**What is required**.
Within the records below is a range that opens at the line with "Question mark FREQ" and closes at the line with "Cloud hosting is". Return that range word for word, both ends included, and only that range.

______________________________

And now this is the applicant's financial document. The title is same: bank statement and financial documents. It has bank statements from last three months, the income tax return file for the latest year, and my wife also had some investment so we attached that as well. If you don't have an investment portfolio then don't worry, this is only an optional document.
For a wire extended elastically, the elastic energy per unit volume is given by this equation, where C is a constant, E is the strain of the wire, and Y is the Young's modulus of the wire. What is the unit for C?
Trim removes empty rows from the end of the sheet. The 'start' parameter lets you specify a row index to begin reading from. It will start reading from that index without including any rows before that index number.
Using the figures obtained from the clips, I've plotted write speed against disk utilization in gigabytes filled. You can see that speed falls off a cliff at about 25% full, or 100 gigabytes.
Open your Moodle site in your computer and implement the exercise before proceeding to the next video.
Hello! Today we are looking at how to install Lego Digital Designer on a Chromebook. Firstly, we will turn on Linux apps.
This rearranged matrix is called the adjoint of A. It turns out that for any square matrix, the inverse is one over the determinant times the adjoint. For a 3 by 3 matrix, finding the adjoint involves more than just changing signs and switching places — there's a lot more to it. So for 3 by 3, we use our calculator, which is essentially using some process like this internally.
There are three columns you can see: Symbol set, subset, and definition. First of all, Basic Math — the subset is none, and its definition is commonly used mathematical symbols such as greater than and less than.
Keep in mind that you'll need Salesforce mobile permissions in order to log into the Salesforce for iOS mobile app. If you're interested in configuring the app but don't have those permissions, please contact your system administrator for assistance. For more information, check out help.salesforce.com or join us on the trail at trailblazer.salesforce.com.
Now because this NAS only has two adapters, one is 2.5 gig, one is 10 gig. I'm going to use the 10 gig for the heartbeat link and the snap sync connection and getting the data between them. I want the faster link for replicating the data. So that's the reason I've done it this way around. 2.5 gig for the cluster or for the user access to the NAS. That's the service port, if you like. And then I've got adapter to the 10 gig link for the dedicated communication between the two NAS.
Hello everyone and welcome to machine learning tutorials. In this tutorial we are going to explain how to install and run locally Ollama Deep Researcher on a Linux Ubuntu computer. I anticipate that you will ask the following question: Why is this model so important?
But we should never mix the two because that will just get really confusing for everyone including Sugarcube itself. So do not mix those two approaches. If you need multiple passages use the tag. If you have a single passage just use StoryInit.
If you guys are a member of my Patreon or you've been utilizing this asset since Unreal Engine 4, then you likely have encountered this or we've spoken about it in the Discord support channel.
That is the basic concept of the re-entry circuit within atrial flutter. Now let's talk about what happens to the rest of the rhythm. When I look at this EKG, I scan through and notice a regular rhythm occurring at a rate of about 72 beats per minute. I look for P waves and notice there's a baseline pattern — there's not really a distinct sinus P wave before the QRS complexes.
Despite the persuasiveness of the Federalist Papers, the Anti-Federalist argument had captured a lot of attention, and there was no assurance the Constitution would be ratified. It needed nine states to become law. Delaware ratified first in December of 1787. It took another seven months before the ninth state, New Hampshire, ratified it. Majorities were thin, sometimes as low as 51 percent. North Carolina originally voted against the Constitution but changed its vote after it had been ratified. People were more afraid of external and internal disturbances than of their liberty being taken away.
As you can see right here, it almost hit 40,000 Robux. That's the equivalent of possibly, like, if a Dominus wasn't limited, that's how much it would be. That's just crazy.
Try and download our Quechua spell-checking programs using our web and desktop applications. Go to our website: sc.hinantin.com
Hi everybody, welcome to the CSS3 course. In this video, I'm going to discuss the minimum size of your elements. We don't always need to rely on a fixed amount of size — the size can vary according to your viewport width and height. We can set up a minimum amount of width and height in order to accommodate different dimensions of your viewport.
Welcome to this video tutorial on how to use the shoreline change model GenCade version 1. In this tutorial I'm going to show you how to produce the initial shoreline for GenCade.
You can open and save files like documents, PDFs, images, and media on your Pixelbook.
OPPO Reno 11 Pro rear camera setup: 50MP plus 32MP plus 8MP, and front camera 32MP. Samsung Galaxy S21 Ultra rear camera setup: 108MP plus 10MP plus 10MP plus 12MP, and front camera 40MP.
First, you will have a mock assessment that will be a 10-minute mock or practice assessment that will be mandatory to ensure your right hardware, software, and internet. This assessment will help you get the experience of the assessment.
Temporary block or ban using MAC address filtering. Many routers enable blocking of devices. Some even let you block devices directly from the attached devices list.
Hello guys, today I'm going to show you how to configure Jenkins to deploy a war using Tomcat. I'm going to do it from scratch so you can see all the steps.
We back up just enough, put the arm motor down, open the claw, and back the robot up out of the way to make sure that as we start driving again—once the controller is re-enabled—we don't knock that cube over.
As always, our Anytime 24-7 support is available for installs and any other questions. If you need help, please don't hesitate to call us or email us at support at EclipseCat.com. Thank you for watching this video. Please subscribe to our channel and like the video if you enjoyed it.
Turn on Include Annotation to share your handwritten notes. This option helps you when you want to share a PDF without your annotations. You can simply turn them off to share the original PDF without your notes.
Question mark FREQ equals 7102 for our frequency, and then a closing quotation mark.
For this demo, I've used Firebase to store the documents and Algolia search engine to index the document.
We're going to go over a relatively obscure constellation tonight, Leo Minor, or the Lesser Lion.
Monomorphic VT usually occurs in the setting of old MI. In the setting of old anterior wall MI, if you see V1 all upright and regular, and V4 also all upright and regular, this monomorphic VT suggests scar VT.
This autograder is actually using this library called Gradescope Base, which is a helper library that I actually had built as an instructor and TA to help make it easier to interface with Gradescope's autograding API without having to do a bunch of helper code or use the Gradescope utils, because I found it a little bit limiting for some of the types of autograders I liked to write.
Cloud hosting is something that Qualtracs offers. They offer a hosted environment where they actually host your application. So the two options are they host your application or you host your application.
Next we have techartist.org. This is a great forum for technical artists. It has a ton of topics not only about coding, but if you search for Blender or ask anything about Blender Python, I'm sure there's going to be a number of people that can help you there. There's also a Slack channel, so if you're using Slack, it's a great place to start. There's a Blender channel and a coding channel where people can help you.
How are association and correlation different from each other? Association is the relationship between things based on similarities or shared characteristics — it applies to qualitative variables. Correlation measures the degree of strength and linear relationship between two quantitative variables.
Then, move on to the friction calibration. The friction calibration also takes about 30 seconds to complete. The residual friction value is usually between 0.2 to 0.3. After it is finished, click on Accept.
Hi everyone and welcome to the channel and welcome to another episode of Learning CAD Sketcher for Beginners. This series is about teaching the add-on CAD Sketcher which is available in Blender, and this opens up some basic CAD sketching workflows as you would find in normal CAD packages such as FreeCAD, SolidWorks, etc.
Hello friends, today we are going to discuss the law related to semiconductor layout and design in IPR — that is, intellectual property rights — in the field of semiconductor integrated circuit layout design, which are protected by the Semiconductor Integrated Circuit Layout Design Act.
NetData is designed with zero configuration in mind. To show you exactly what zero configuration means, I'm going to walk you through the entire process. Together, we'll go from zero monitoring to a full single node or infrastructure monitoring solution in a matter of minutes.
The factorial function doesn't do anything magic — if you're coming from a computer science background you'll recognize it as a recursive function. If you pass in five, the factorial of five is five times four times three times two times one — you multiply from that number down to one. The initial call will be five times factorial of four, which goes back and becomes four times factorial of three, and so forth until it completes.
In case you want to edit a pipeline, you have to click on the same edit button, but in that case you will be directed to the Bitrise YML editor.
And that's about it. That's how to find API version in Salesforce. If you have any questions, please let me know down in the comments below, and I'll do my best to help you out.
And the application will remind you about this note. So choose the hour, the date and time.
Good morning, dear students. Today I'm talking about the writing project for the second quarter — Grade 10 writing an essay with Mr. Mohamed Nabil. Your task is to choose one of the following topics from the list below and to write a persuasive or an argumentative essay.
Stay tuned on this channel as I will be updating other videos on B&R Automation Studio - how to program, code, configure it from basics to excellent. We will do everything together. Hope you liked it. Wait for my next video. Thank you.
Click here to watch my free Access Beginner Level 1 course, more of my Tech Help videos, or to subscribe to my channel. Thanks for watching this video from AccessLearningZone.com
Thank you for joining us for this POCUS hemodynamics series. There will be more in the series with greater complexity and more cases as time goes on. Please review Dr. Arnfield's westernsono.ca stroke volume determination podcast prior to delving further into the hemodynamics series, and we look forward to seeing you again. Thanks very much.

______________________________

**Written solution**.
Question mark FREQ equals 7102 for our frequency, and then a closing quotation mark.
For this demo, I've used Firebase to store the documents and Algolia search engine to index the document.
We're going to go over a relatively obscure constellation tonight, Leo Minor, or the Lesser Lion.
Monomorphic VT usually occurs in the setting of old MI. In the setting of old anterior wall MI, if you see V1 all upright and regular, and V4 also all upright and regular, this monomorphic VT suggests scar VT.
This autograder is actually using this library called Gradescope Base, which is a helper library that I actually had built as an instructor and TA to help make it easier to interface with Gradescope's autograding API without having to do a bunch of helper code or use the Gradescope utils, because I found it a little bit limiting for some of the types of autograders I liked to write.
Cloud hosting is something that Qualtracs offers. They offer a hosted environment where they actually host your application. So the two options are they host your application or you host your application.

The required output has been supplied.